Python, Straightforward with Explanation


  • 16

    Let's try for a top-down dp. Suppose we know dp[n][k], the number of permutations of (1...n) with k inverse pairs.

    Looking at a potential recursion for dp[n+1][k], depending on where we put the element (n+1) in our permutation, we may add 0, 1, 2, ..., n new inverse pairs. For example, if we have some permutation of 1...4, then:

    • 5 x x x x creates 4 new inverse pairs
    • x 5 x x x creates 3 new inverse pairs
    • ...
    • x x x x 5 creates 0 new inverse pairs

    where in the above I'm representing any permutation of 1...4 with x's.
    Thus, dp[n+1][k] = sum_{x=0..n} dp[n][k-x].

    This dp has NK states with K/2 work, which isn't fast enough. We need to optimize further.

    Let ds[n][k] = sum_{x=0..k-1} dp[n][x].
    Then dp[n+1][k] = ds[n][k+1] - ds[n][k-n],
    and the left hand side is ds[n+1][k+1] - ds[n+1][k].
    Thus, we can perform all calculations in terms of ds.

    Finally, to save space, we will only store the two most recent rows of ds, using ds and new.

    In the code, we refer to -ds[n][k-n+1] instead of -ds[n][k-n] because the n being considered is actually n+1. For example, when n=2, we are appending information about ds[2][k] to new, so our formula of dp[n+1][k] = ds[n][k+1] - ds[n][k-n] is dp[2][k] = ds[1][k+1] - ds[1][k-1].

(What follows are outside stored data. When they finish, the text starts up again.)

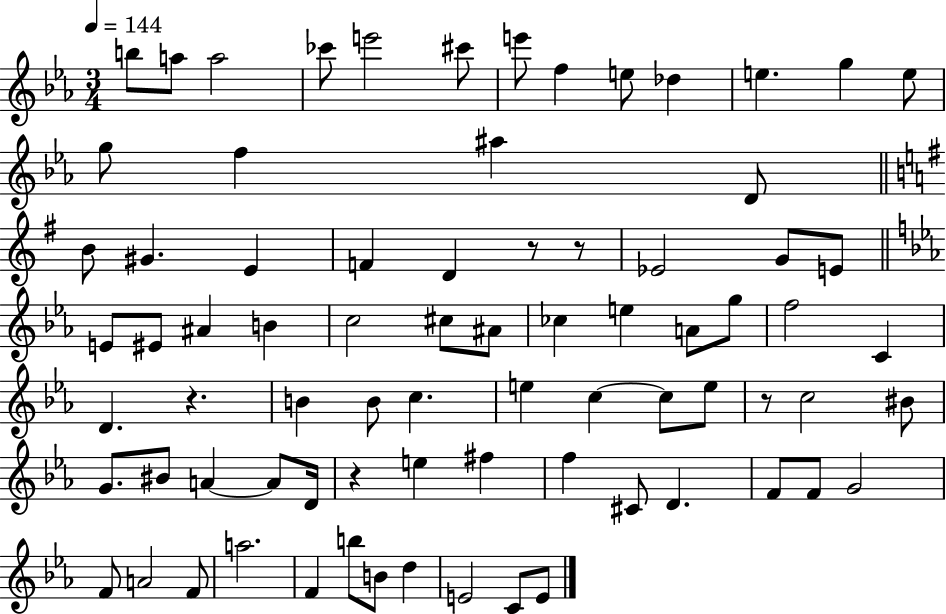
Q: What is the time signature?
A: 3/4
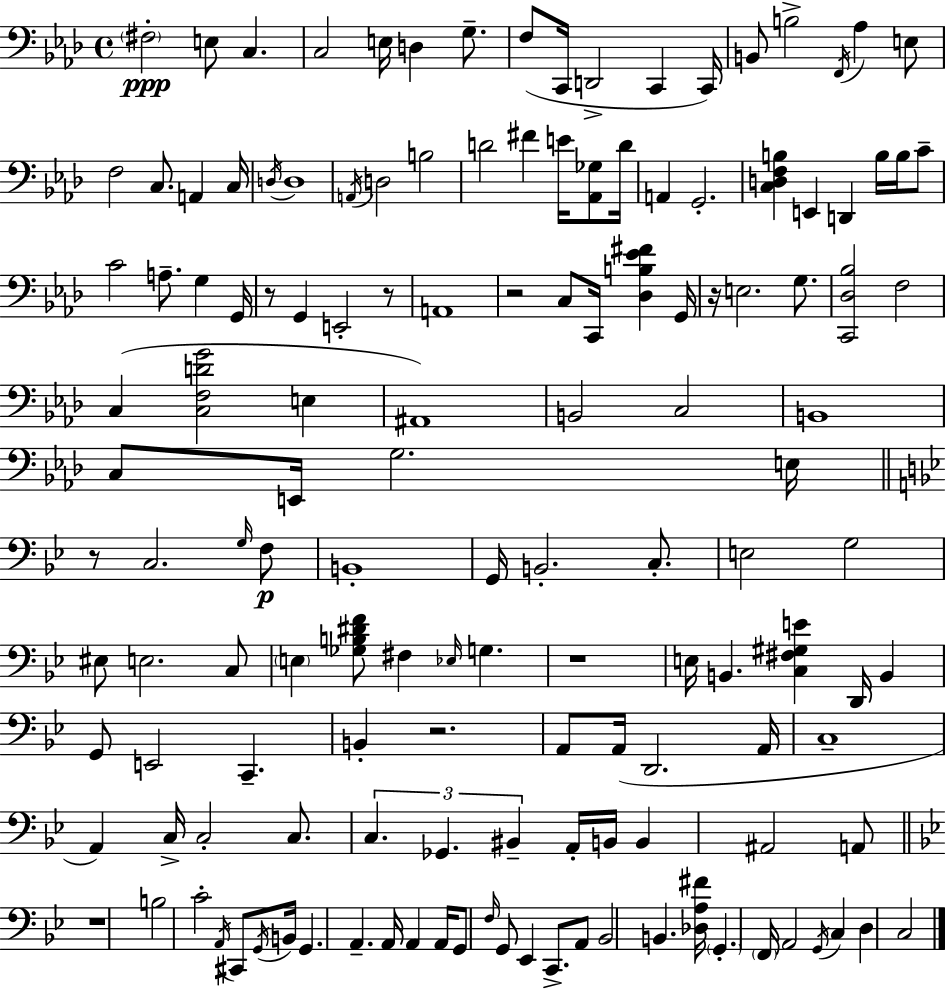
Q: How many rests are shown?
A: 8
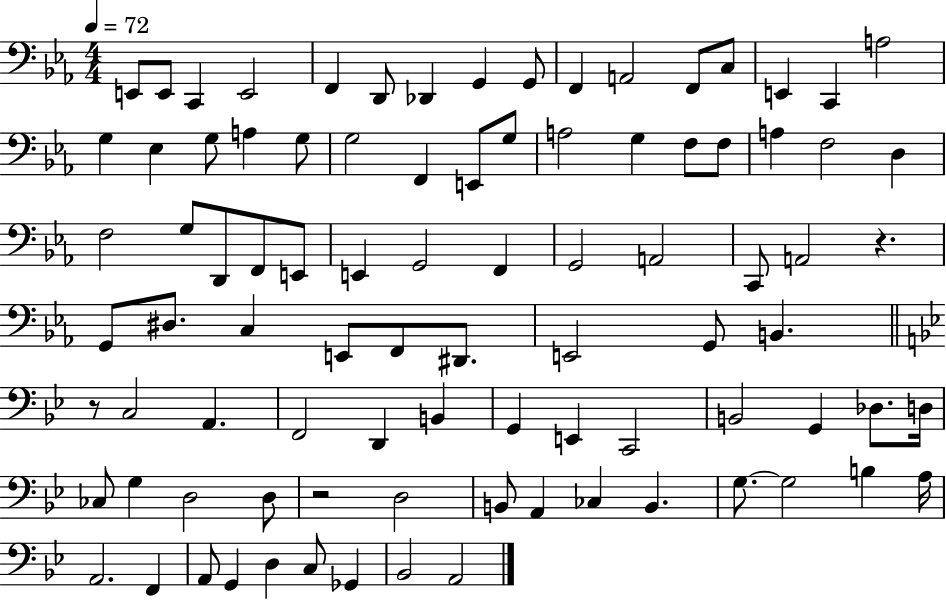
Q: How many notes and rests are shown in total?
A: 90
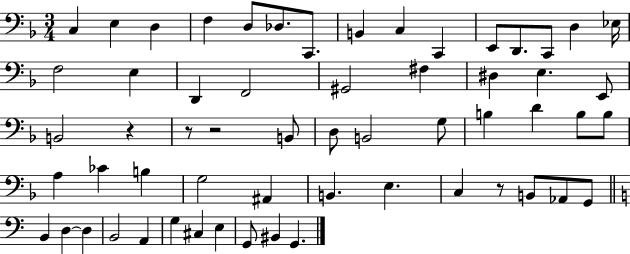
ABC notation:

X:1
T:Untitled
M:3/4
L:1/4
K:F
C, E, D, F, D,/2 _D,/2 C,,/2 B,, C, C,, E,,/2 D,,/2 C,,/2 D, _E,/4 F,2 E, D,, F,,2 ^G,,2 ^F, ^D, E, E,,/2 B,,2 z z/2 z2 B,,/2 D,/2 B,,2 G,/2 B, D B,/2 B,/2 A, _C B, G,2 ^A,, B,, E, C, z/2 B,,/2 _A,,/2 G,,/2 B,, D, D, B,,2 A,, G, ^C, E, G,,/2 ^B,, G,,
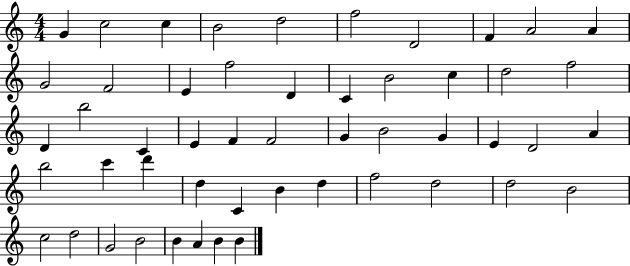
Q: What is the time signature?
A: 4/4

    def kInversePairs(self, N, K):
        MOD = 10**9 + 7
        ds = [0] + [1] * (K + 1)
        for n in xrange(2, N+1):
            new = [0]
            for k in xrange(K+1):
                v = ds[k+1]
                v -= ds[k-n+1] if k >= n else 0
                new.append( (new[-1] + v) % MOD )
            ds = new
        return (ds[K+1] - ds[K]) % MOD
    

  • 6

    Haha, all of your posts have the same title..


  • 0
    A
    This post is deleted!

  • 1
    B

    @awice Beautiful solution! I'm having trouble working out the line dp[n+1][k] = ds[n][k+1] - ds[n][k-n+1].

    We have:
    dp[n+1][k]=dp[n][k]+dp[n][k-1]+dp[n][k-2]+...+dp[n][k-n]
    ds[n][k+1]=dp[n][k]+dp[n][k-1]+dp[n][k-2]+...+dp[n][0]
    ds[n][k-n+1]=dp[n][k-n]+dp[n][k-n-1]+dp[n][k-n-2]+...+dp[n][0]

    Doesn't that mean:
    dp[n+1][k] = ds[n][k+1] - ds[n][k-n+1] + dp[n][k-n]? Since the dp[n][k-n] terms is subtracted out by ds[n][k-n+1] and we need to put it back?


  • 0

    @baselRus I edited my post to fix it and clarify the difference, thanks for pointing it out.


  • 1
    B

    @awice That makes sense, thank you.

    C++ version of the algo below.

    Thanks @yangyx for the tip about +MOD in the final line of the solution. Not sure why it's not necessary for Python?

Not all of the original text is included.